### WORK ITEM
Please copy out the entries until you have copied the line that contains "HP LAPTOP AI 15 225U/512GO/8GO", beginning with the first line.

### SOURCE INFORMATION
________________

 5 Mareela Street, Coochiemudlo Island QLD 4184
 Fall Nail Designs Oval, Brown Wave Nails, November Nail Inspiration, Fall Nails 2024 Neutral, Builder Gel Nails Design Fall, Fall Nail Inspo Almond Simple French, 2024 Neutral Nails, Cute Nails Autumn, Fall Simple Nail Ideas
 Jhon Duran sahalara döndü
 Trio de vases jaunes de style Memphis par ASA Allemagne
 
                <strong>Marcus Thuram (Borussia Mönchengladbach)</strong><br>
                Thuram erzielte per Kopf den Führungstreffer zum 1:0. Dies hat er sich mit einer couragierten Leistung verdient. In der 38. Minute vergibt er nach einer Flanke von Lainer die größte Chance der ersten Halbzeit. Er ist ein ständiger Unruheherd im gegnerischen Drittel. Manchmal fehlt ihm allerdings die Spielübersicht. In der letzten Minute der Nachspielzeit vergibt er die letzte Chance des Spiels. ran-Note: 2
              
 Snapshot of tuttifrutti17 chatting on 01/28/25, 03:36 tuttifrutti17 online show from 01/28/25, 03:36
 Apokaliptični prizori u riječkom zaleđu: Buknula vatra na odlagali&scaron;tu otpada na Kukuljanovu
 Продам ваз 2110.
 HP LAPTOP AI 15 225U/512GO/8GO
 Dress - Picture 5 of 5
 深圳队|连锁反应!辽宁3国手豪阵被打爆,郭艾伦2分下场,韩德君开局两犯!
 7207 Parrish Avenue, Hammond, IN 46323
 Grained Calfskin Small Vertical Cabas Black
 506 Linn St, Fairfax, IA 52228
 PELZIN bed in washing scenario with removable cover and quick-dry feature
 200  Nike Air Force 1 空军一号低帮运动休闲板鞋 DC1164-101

________________

### RESPONSE AREA
 5 Mareela Street, Coochiemudlo Island QLD 4184
 Fall Nail Designs Oval, Brown Wave Nails, November Nail Inspiration, Fall Nails 2024 Neutral, Builder Gel Nails Design Fall, Fall Nail Inspo Almond Simple French, 2024 Neutral Nails, Cute Nails Autumn, Fall Simple Nail Ideas
 Jhon Duran sahalara döndü
 Trio de vases jaunes de style Memphis par ASA Allemagne
 
                <strong>Marcus Thuram (Borussia Mönchengladbach)</strong><br>
                Thuram erzielte per Kopf den Führungstreffer zum 1:0. Dies hat er sich mit einer couragierten Leistung verdient. In der 38. Minute vergibt er nach einer Flanke von Lainer die größte Chance der ersten Halbzeit. Er ist ein ständiger Unruheherd im gegnerischen Drittel. Manchmal fehlt ihm allerdings die Spielübersicht. In der letzten Minute der Nachspielzeit vergibt er die letzte Chance des Spiels. ran-Note: 2
              
 Snapshot of tuttifrutti17 chatting on 01/28/25, 03:36 tuttifrutti17 online show from 01/28/25, 03:36
 Apokaliptični prizori u riječkom zaleđu: Buknula vatra na odlagali&scaron;tu otpada na Kukuljanovu
 Продам ваз 2110.
 HP LAPTOP AI 15 225U/512GO/8GO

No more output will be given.